Military Contractors Fined for Using Russian Programmers for DoD Projects
Two former contractors for the Department of Defense (DoD) have agreed to pay close to $13 million to settle a legal case alleging that they hired Russian workers without security clearances to work on DoD computer projects.
NetCracker Technology Corp. has agreed to pay $11.4 million, and Computer Sciences Corp. has agreed to pay $1.35 million to resolve a case, brought by the government under the False Claims Act, that they used individuals without security clearance on a DoD project.
In 2008, Computer Sciences Corporation was awarded a contract from the Department of Defense to create communications software for the DoD's Defense Information Security Agency (DISA.) The company then subcontracted part of the work to Netcracker Technology, who used Russian services in order to lower costs.
This was brought to light in 2013, when former NetCracker employee John Kingsley said that the company had hired Russian programmers living in and around Moscow, who lacked the contractually required security clearance to work on DISA. Because of this, both NetCracker and Computer Sciences Corporation had breached the DoD contract.
These claims were confirmed by the settlement, which according to SC Magazine obliged both NetCracker and Computer Sciences Corporation to admit liability. The final court documentation stated that the companies "knowingly" used code developed outside the United States which was then placed on U.S government networks, and that this compromised the DoD's computer system.
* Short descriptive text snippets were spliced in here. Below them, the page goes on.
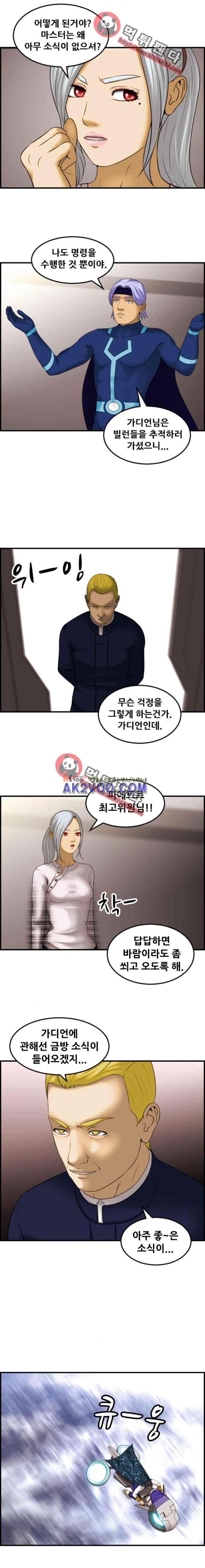 퍼스트 미션 61화 style=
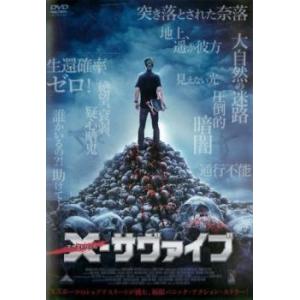 【ご奉仕価格】X-サヴァイブ【字幕】 レンタル落ち 中古 DVD
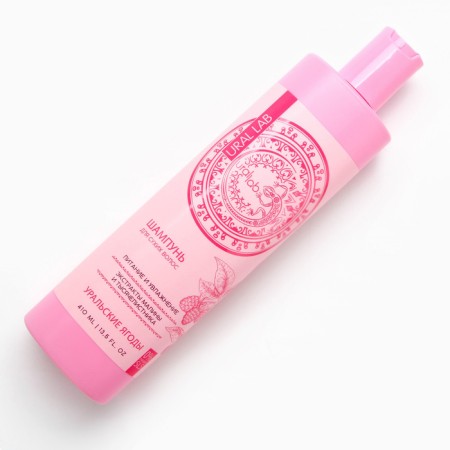 Hair shampoo with raspberry and yarrow extract, power and moisturizing, 410 ml, Ural Lab-2
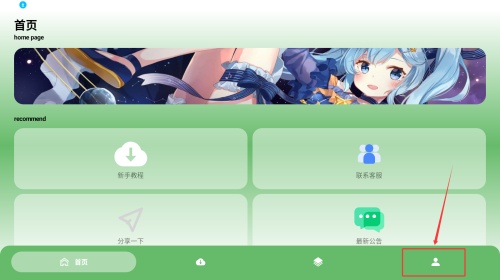 酷软壁纸麻匪最新版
Kinglsey, who was a manager for NetCracker at the time, made his claims in 2011, alleging that this placed the DoD's computer network at risk. He was protected under the whistleblower provision of the False Claims Act, and was allowed to bring a case against the company of behalf of the U.S government. Now that the case has been settled, he is set to receive just over $2.3 million as a portion of the damages.
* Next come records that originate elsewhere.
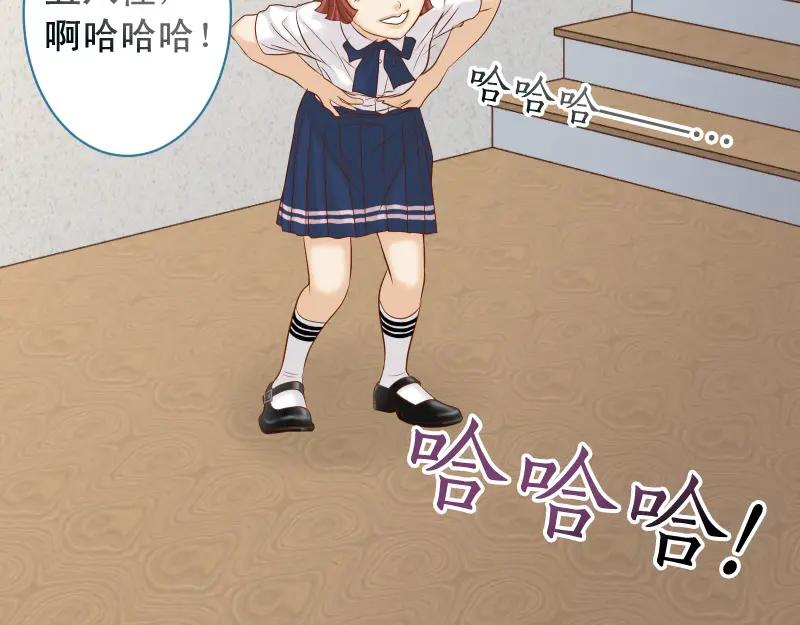 复仇要冷冷端上 - 第374话 Savior - 第60张图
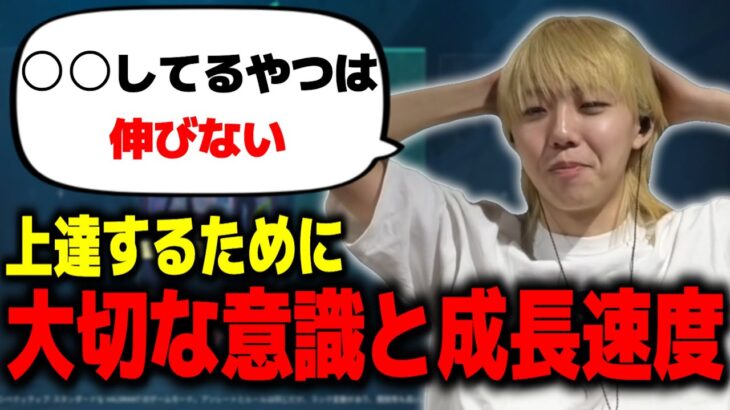 【切り抜き】ランクを上げるために大切な意識と上達する人の特徴について語るGON【VALORANT / ヴァロラント】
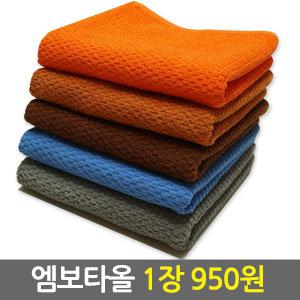 업소용 사우나 엠보타올 목욕탕 타월 찜질방 면이불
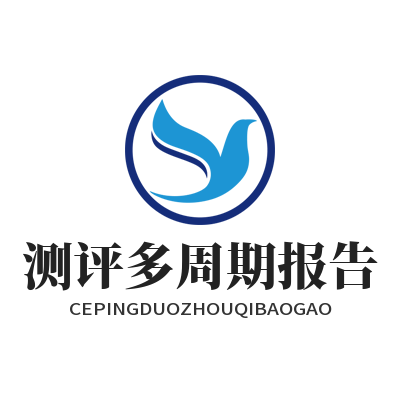 杏宇测评报告能看多次对比吗？一文说清楚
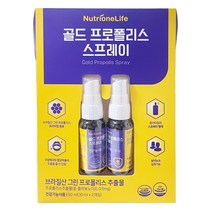 뉴트리원 골드 프로폴리스 스프레이 (30ML 2입)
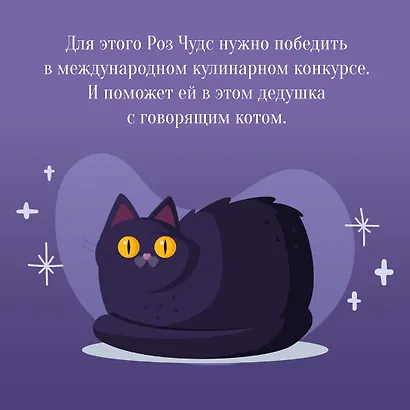 Пекарня Чудсов. Книга 2. Щепотка волшебства - фото 8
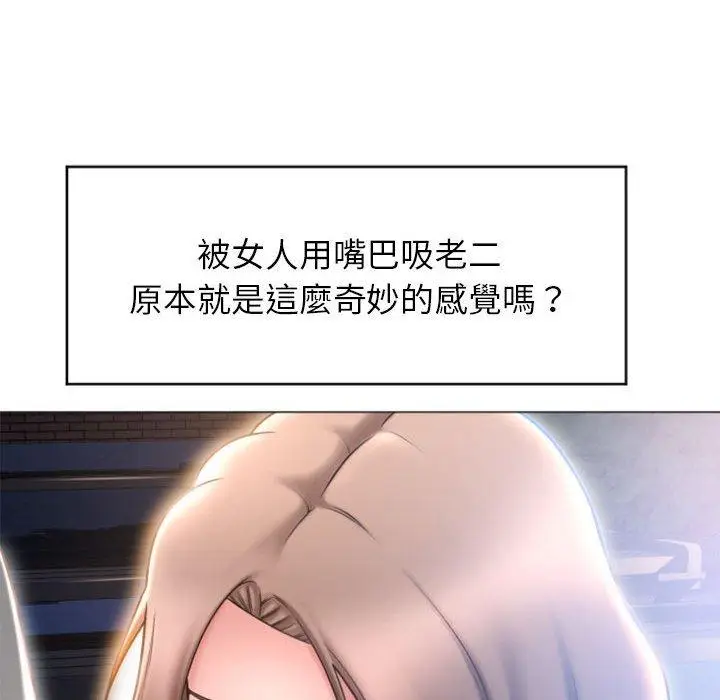 漫画《幻想邻居》第20话第58张图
"Companies that do business with the federal government have a responsibility to fully meet the terms of their contracts," said U.S. Attorney Channing D. Phillips of the District of Columbia. "In addition to holding these two companies accountable for their contracting obligations, this settlement shows that the U.S. Attorney's Office will take appropriate measures necessary to ensure the integrity of government communications systems."